The relationship between cats and philosophy is historical. Already in Ancient Egypt, the cat goddess Bastet was closely connected to wisdom. In the “Companionship Species Manifesto”, Donna Haraway writes “dogs… are here to live with. Partners in the crime of human evolution, they are in the garden from the get-go…”. In a play on that, we as humans might be the partners in the crime of feline evolution.
Way before cats were riding Rumbas on youtube, Carolee Schneemann had enacted the gaze of her cat, Kitch, and Joyce Wieland made “Cat Food”, a 16 mm film that is part of the MoMA collection, in which she depicts a cat as it devours a fish, purrs and naps. In that spirit, In 2018, I co-created ‘Full Moon Saloon‘ with Amra Causevic. Full Moon Saloon is an immersive installation that lets you embrace the house cat perceptions of space and surface. The experience enhances your ability to understand “Radical Coziness.” It is a safe space to commune. Our installation also included hundreds of “cat toys for the human visitors” and a sound installation that was composed from both human and feline sources. Cats usually prefer cardboard and crumbled paper to play with, but humans certainly will engage if given the opportunity.
KC: You mentioned that Catchat is a work in progress, what’s next for this project?

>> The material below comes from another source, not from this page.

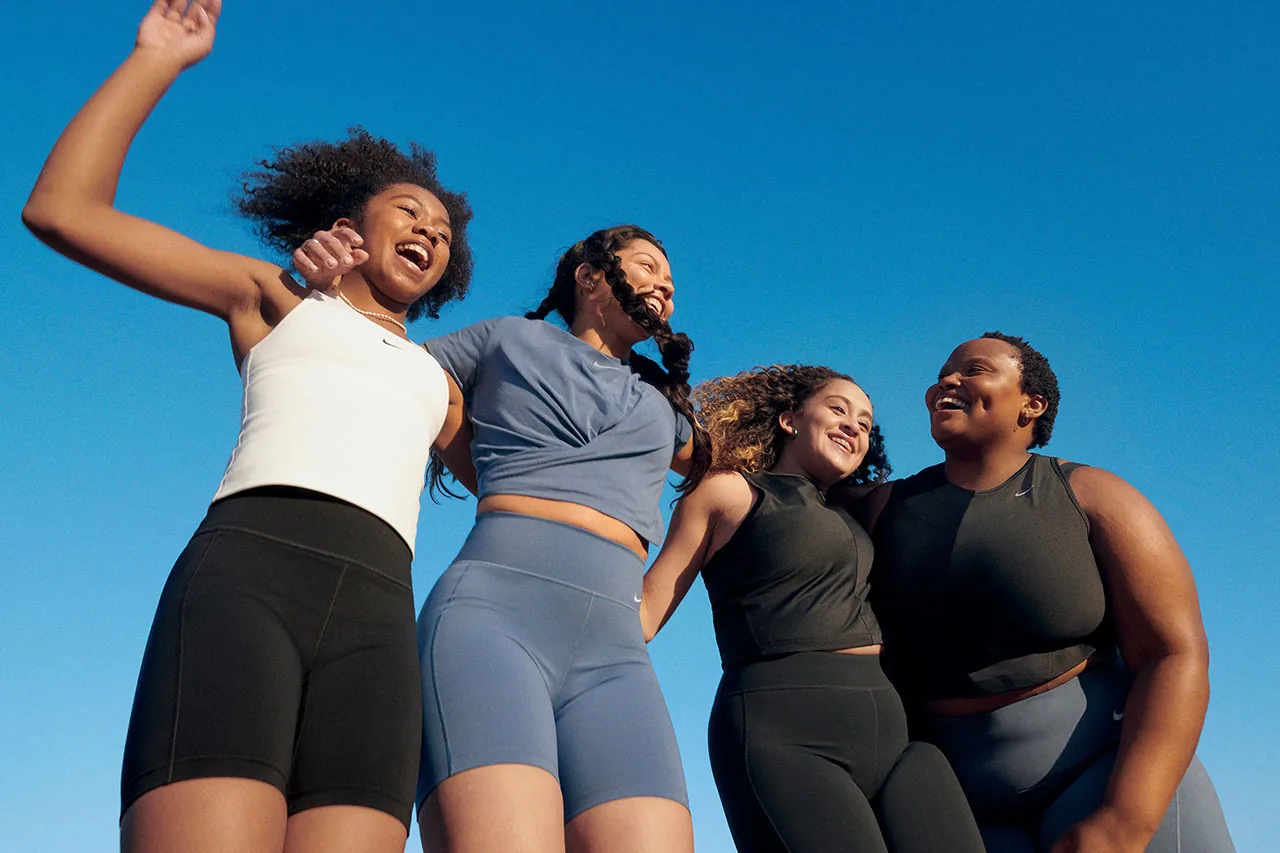 Nike przedstawia pierwsze w historii szorty na miesiączkę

NG: First, I want to thank the folks at PROTOCOLS, who have helped to get the essay to its current graphic shape, and for publishing it. We are so grateful. We would like to expand the conversation, thinking about the idea of Hevruta, a gathering for a discussion of core ideas and seminal texts and thoughts of ritual, habit, vice, and life. We would love to indulge with more footnotes and references, and other visual tokens. Currently, the online version includes active web links but we would like to play with a physical, printed edition. Moving forward, we are working on an opportunity for the three of us to physically meet and continue the conversation
KC: I know you recently graduated from the Hunter MFA program (May 2019). What’s next?
NG: I moved to New York in 2016 to do my MFA at Hunter college. For those three years, the studio building functioned in many ways as my primary community center and I’ve treasured taking part in the community and being a facilitator in the cohort.I was equal parts eager and nervous about graduation, to be honest, but I’m happy that since graduating I’ve gotten opportunities to develop and show my work with brilliant artists and venues in New York. My studio is in Gowanus, where I’ve been lashing and knotting Extra Ocular Objects and bundles: assembled performative sculptures that play with alternating points of views and breaking down hierarchies between viewers and objects in spatial assemblages, aka my installations. Some of these works will be featured in a two-person show that will open April 18th at a new artist-run space, Langer Over Dickie, in Chicago. It will be my first visit to the city and I’m really looking forward to spending time in the Midwest, working with a Chicago-based artist, Michael Lopez, and the directors of the space, KT Duffy and Ali Seradge.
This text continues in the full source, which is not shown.